Leave every picture behind and copy the rest of the entries below exactly.

-*-*-

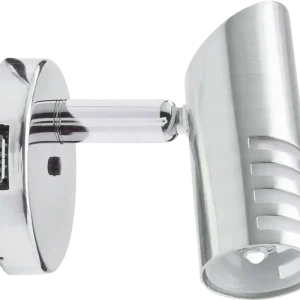 Prix Bas SPOT LEDS MANTAGUA BELLE-ILE INOX 100 LM + USB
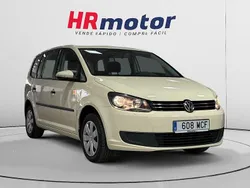 Beige Usado 2016 VW Touran Advance Monovolumen | 12.850 €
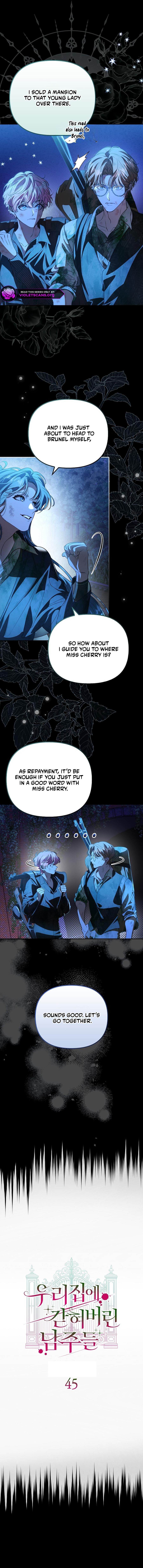 Trapped at Home With the Male Leads Chapter 45 page 2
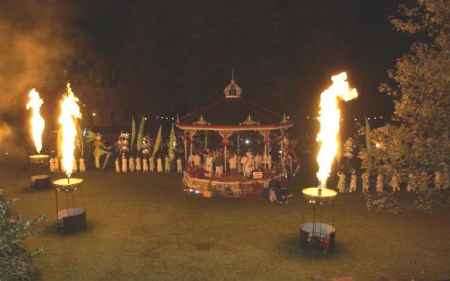 The procession's grand finale at Dane John gardens. Picture: GERRY WHITTAKER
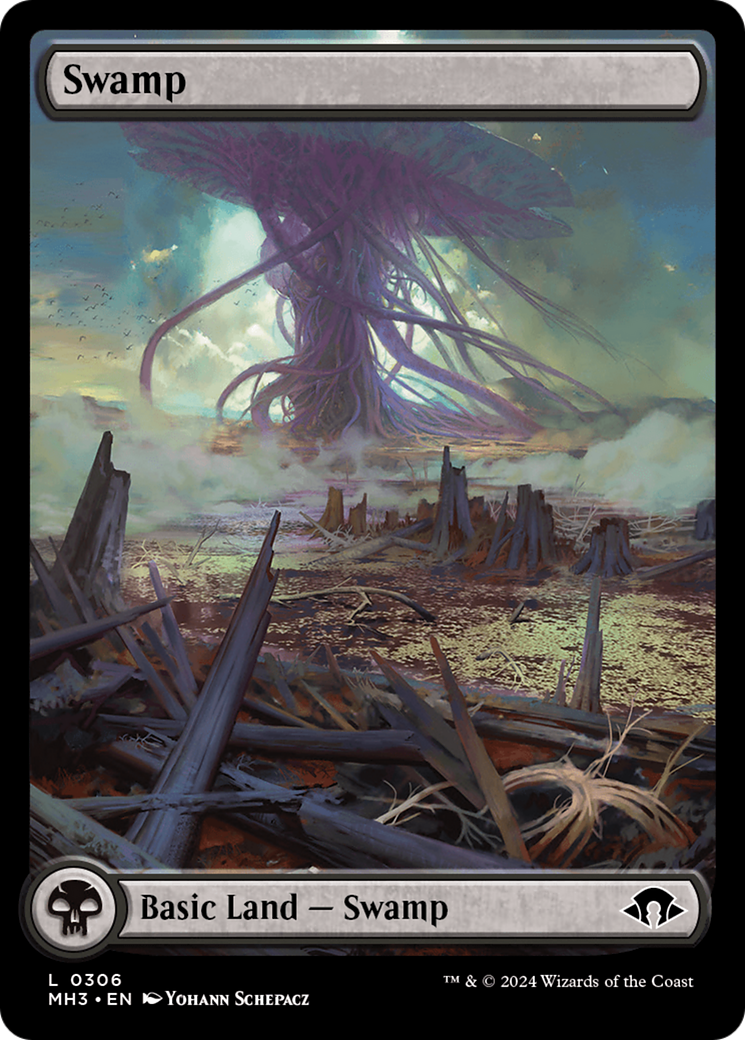 Swamp (0306) [Modern Horizons 3] | Event Horizon Hobbies CA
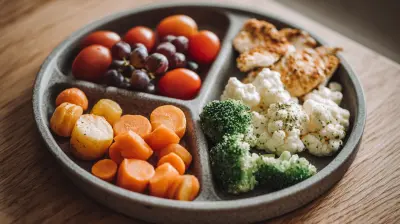How to Create a Balanced Plate for Young Children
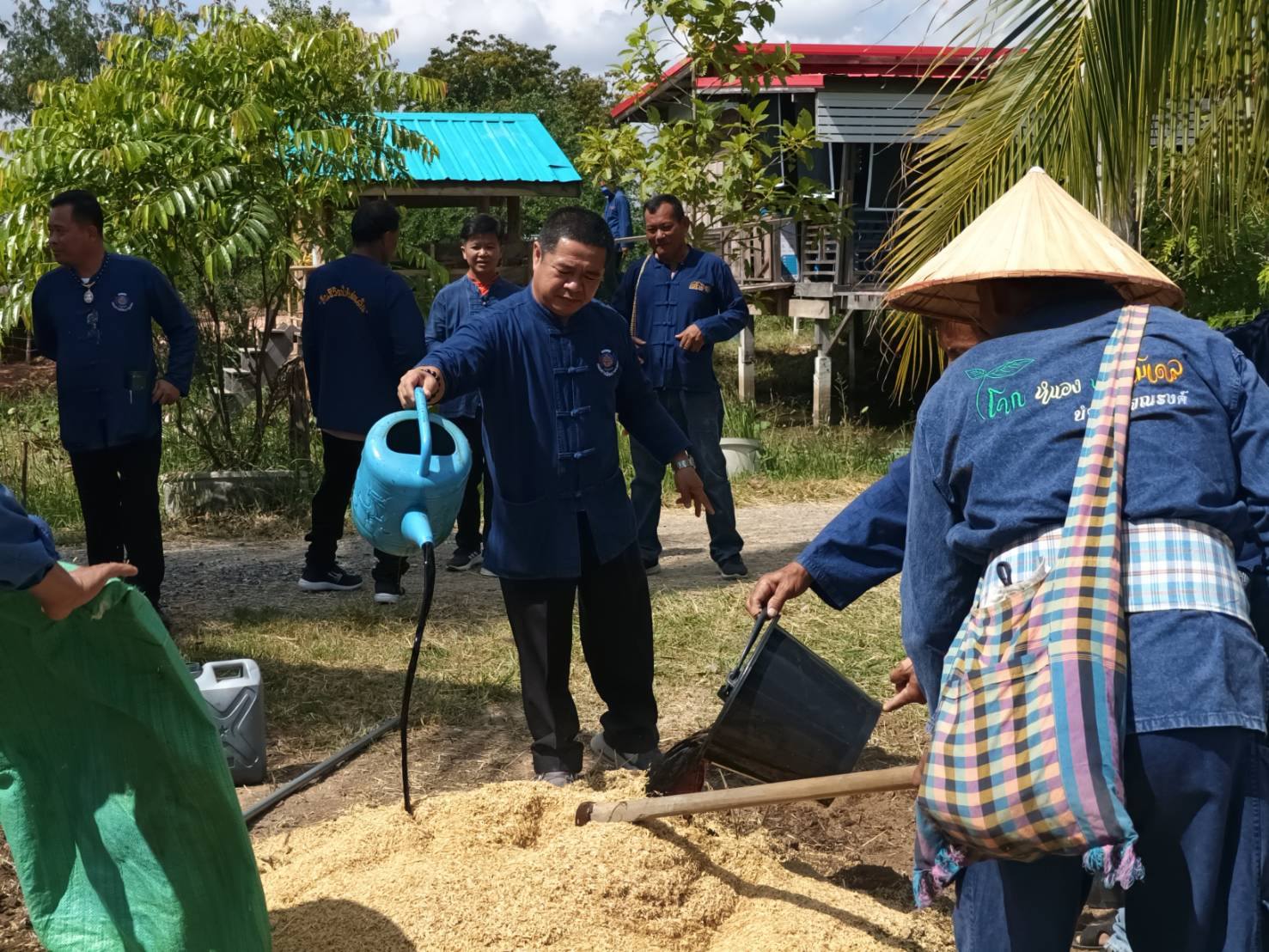 พช.ชัยภูมิ  ติดตามและสนับสนุน การขับเคลื่อนงานพัฒนาชุมชน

-*-*-

> ANSWER TO THIS EXERCISE:
 Prix Bas SPOT LEDS MANTAGUA BELLE-ILE INOX 100 LM + USB
 Beige Usado 2016 VW Touran Advance Monovolumen | 12.850 €
 Trapped at Home With the Male Leads Chapter 45 page 2
 The procession's grand finale at Dane John gardens. Picture: GERRY WHITTAKER
 Swamp (0306) [Modern Horizons 3] | Event Horizon Hobbies CA
How to Create a Balanced Plate for Young Children
 พช.ชัยภูมิ  ติดตามและสนับสนุน การขับเคลื่อนงานพัฒนาชุมชน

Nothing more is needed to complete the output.